- Work request -
Leaving out the pictures, return word for word the stretch of entries below from the line holding "Erica Molinari: 14k" through the line holding "Mahjong Cups, Set of 8".

- Material to process -
※ ※ ※

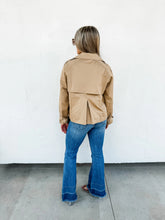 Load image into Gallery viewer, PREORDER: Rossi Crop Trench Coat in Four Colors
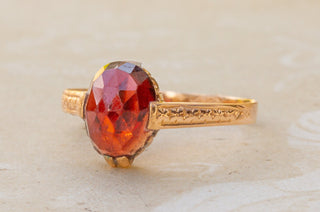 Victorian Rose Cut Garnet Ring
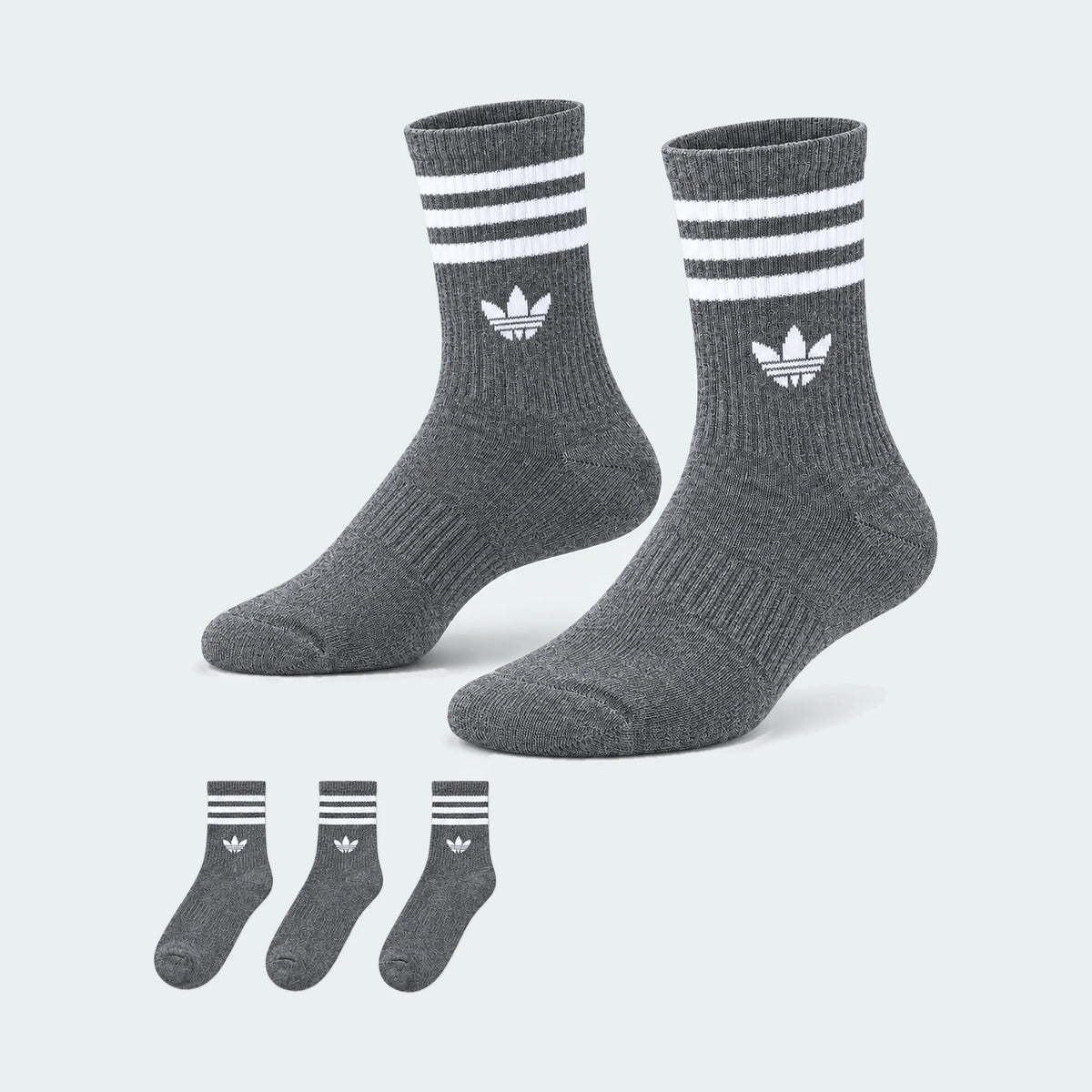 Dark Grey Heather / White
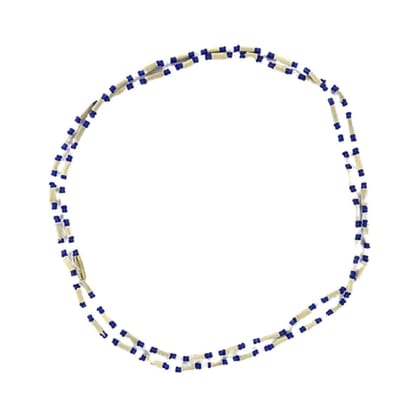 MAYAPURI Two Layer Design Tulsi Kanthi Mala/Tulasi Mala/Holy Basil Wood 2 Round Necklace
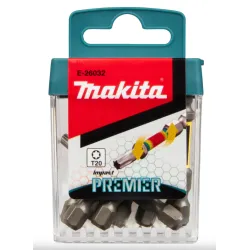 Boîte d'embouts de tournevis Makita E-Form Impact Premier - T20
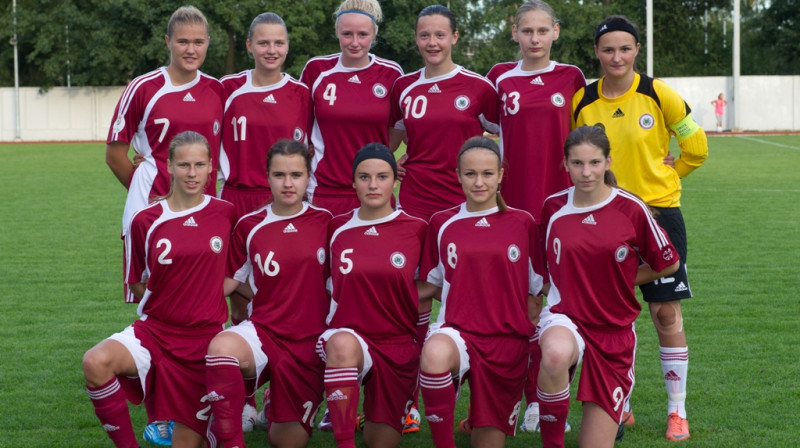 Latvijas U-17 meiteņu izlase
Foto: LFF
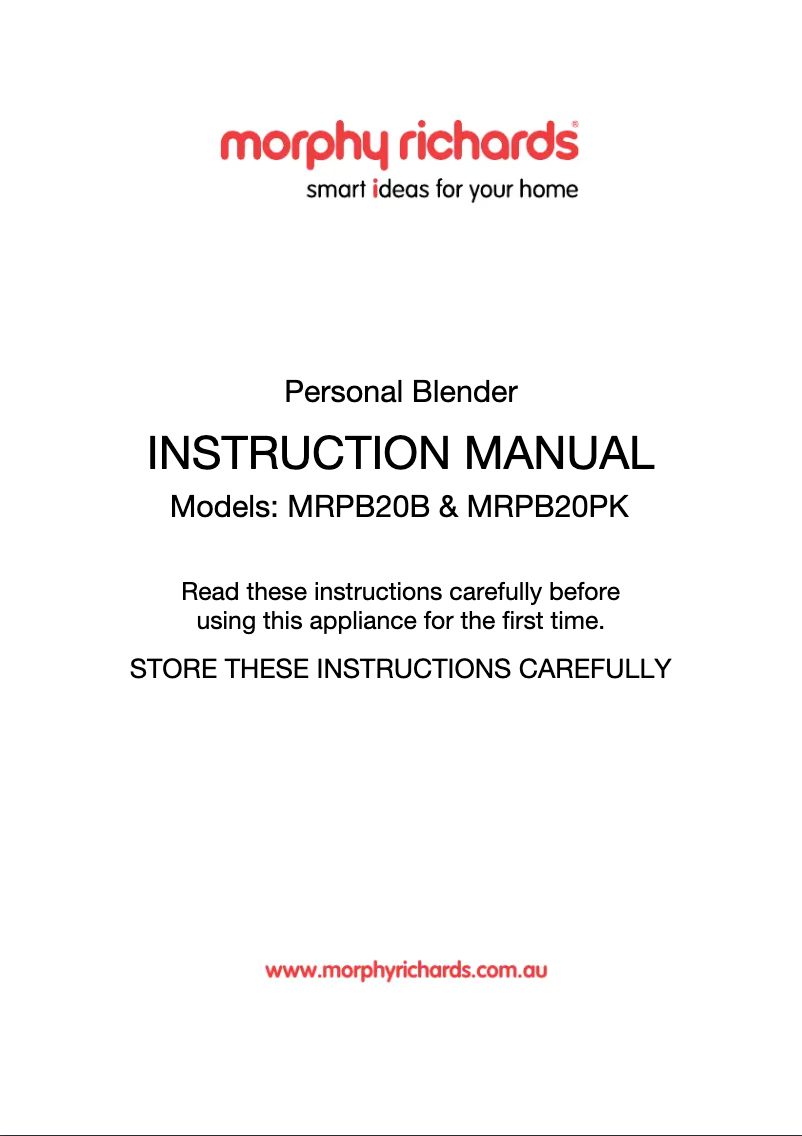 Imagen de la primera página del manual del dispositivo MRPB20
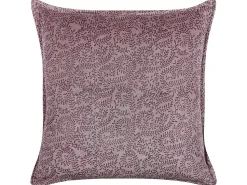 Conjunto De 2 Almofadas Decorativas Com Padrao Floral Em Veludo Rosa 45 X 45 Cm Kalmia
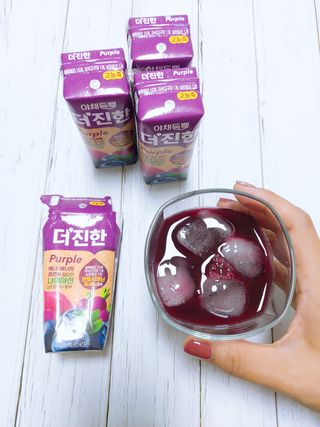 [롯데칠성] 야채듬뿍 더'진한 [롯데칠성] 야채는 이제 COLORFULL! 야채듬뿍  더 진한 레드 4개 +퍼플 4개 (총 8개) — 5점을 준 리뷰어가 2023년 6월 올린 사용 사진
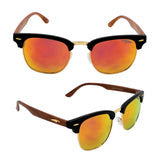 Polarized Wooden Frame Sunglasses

※ ※ ※

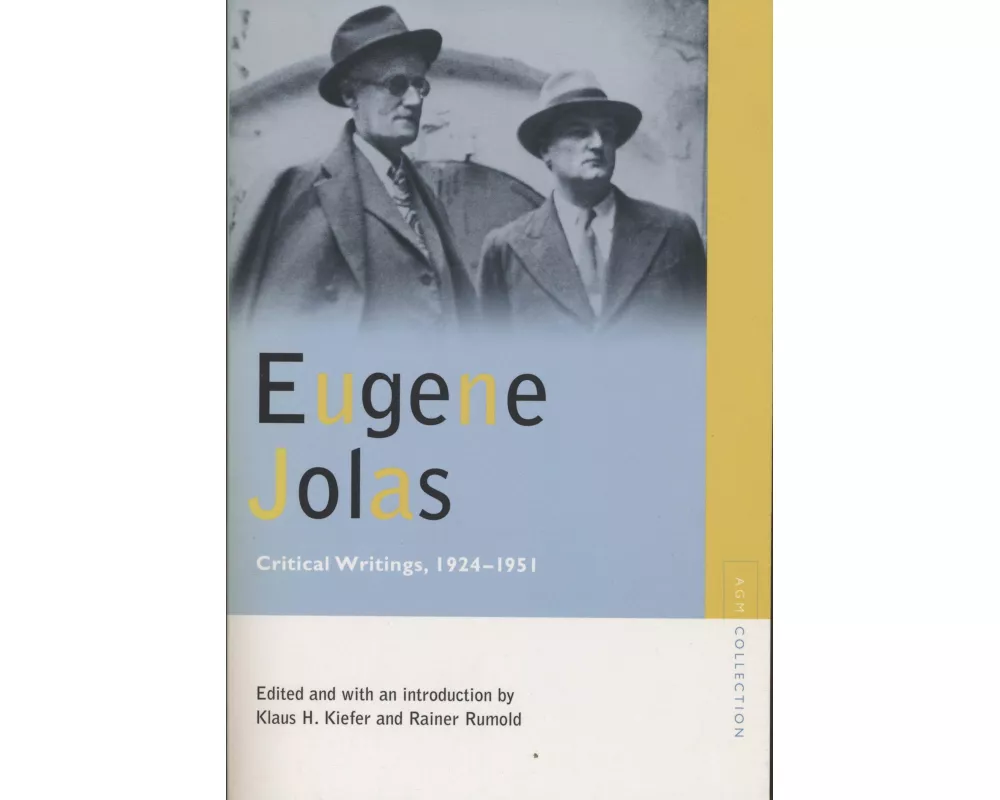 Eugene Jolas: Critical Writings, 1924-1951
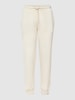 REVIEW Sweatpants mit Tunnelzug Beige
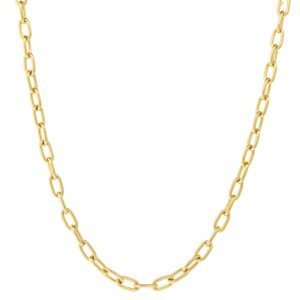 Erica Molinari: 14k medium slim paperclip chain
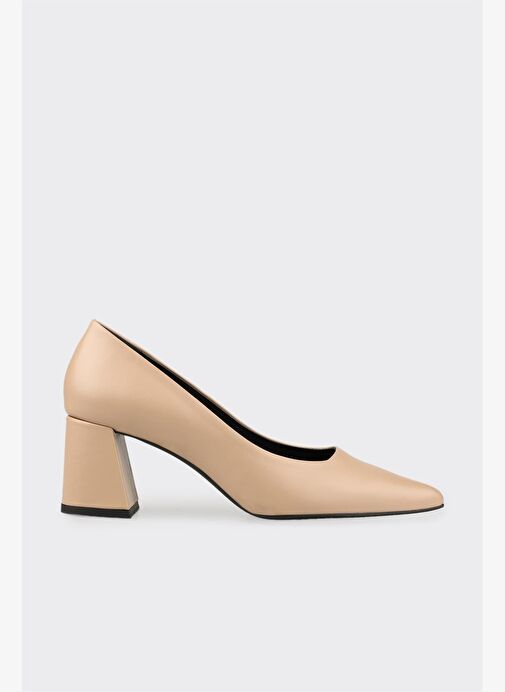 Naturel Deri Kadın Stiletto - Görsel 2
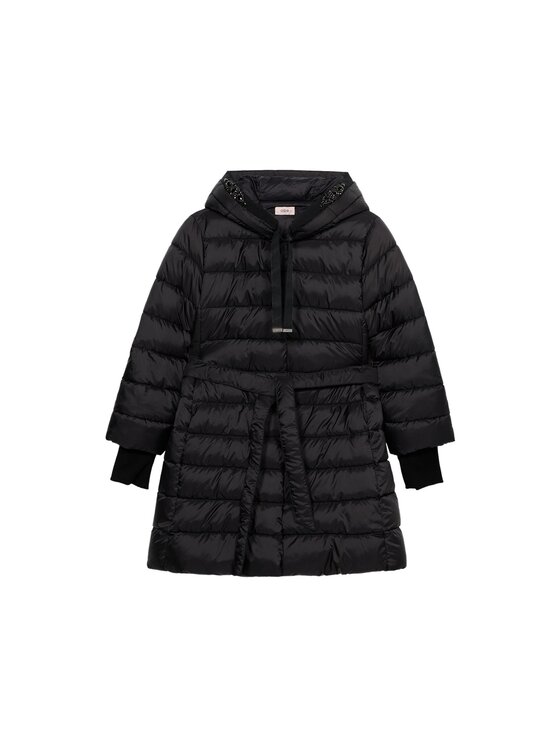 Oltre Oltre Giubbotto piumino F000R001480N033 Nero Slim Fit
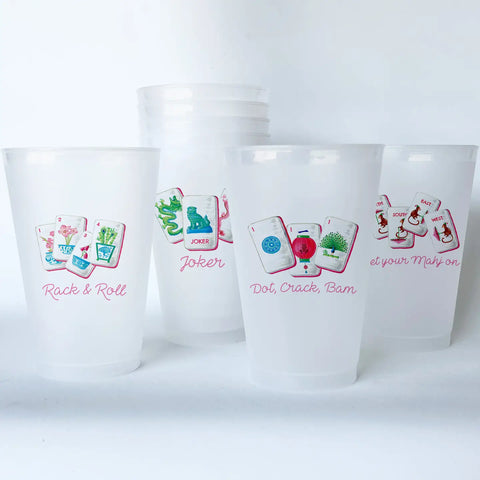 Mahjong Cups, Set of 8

※ ※ ※

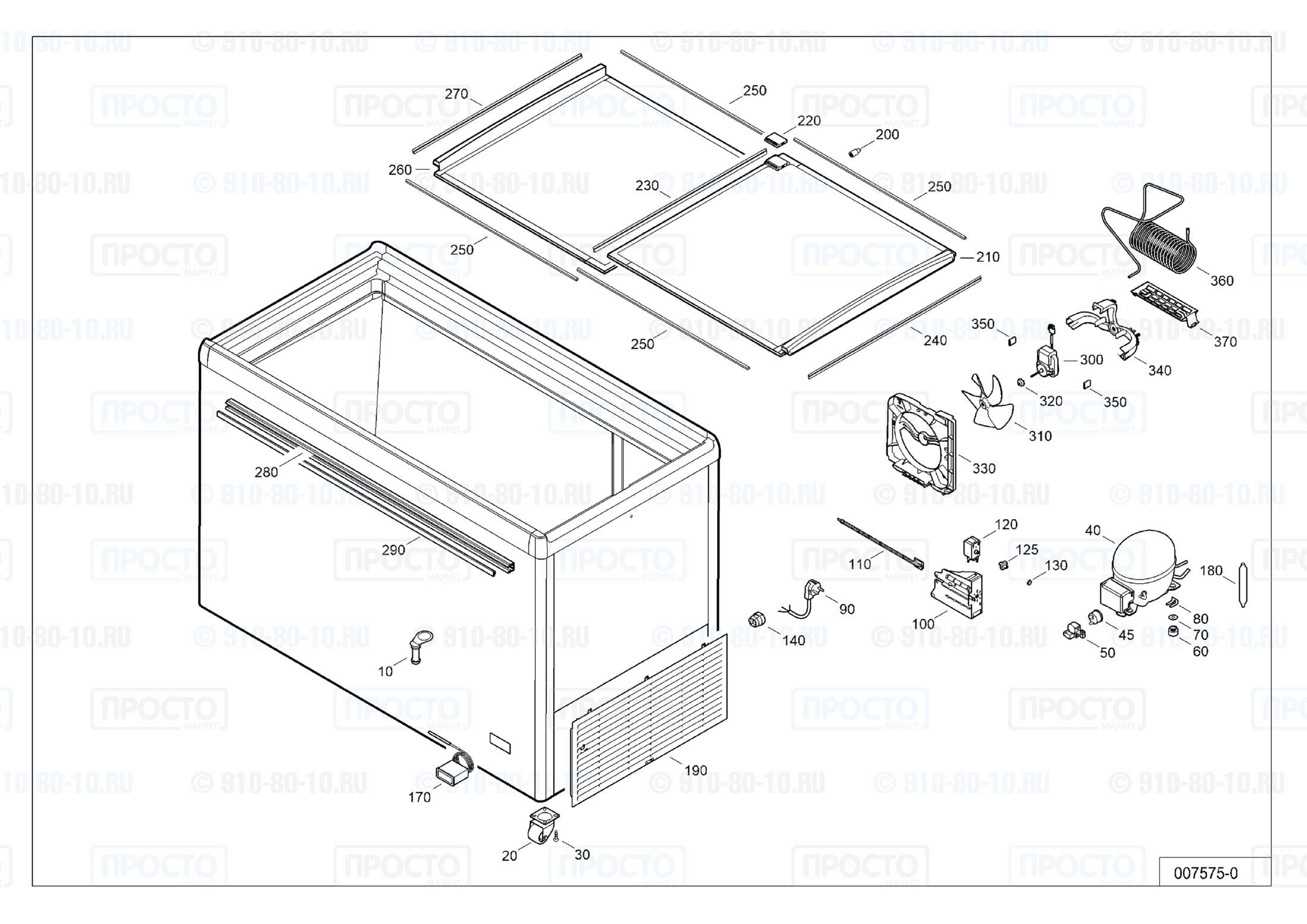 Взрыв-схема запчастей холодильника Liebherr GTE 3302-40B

※ ※ ※

- Exercise answer -
 Erica Molinari: 14k medium slim paperclip chain
 Naturel Deri Kadın Stiletto - Görsel 2
 Oltre Oltre Giubbotto piumino F000R001480N033 Nero Slim Fit
 Mahjong Cups, Set of 8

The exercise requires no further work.